Like I often like to say, singing is the way to go. Singing alone is beneficial already but nothing compares to singing in a group. If you’re lucky enough to actually be in Iceland for studying the language, the best option for you, if you’re at all inclined to singing, is to join a choir. In comparison to the size of the country Iceland has an unbelievable amount of choirs of all kinds, and possibilities for joining them are everywhere. The one I’m singing in is Háskólakórinn, the University Choir, and joining it was probably the best decision of my whole language learning time… and even though I already graduated from the university, the choir doesn’t seem to be kicking me out just yet for some reason. 😀
I admit that originally I was very shy about the whole idea. Joining a choir? Me, who barely spoke any Icelandic at first? It therefore took me a few years before I dared to try the auditions but once I was accepted I quickly settled in. The choir has a large-ish minority of foreigners so all information comes first in Icelandic and then in English – my initial worry of always being confused was proven false right from the start.
I quickly made friends inside the choir too which further dipped me into a twice-weekly language bath, because your Icelandic friends are less likely to switch to English than random strangers even when you’re struggling with the language. Best of all I’m continuously forced to learn complicated texts by heart, have people around me ready and willing to translate the parts I need help with (if even they understand them, old Icelandic can be difficult even for the natives), and I always have a large group to help me out with pronunciation difficulties. Singing also helps build the correct rhythm into the language as well, so joining a choir has been an all around positive experience for me.
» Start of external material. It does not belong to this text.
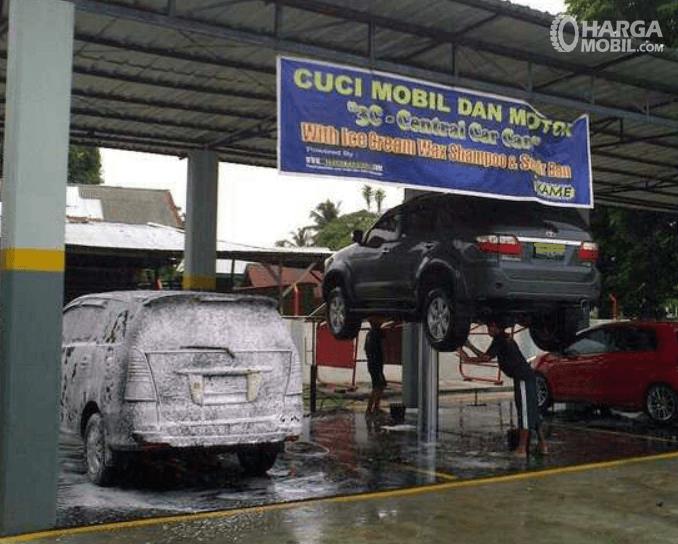 Gambar ini menunjukkan beberapa mobil sedang dicuci mobil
Naturally that’s not all there is to it. The choir also hangs out together outside of the actual practices, organizes rehearsal camps in the Icelandic countryside, travels abroad almost every year and works on one large piece per year. This year’s piece is Sjávarsinfónían, The Sea Symphony by Ralph Vaughan Williams and it will be performed with the Ungfónía, young people’s symphony orchestra with a pun-ny name put together of ungur (= young) and sinfónía (= symphony). Lately we’ve been practicing many extra long days since the first concerts will be held this coming Saturday and Monday – exciting times for me for sure!
An article about the concert can be found here. Our baritone soloist had this to say about the piece:
“Sjávarsinfónían er ótrúlega flott. Þótt verkið sé samið snemma á 20. öldinni og hafi þá þótt framúrstefnulegt í tónmáli er Vaughan Williams svo melódískur og skrifar fyrir alla. Hann fangar líka stemninguna vel þegar hann túlkar hafið og baráttu sjóaranna við það.”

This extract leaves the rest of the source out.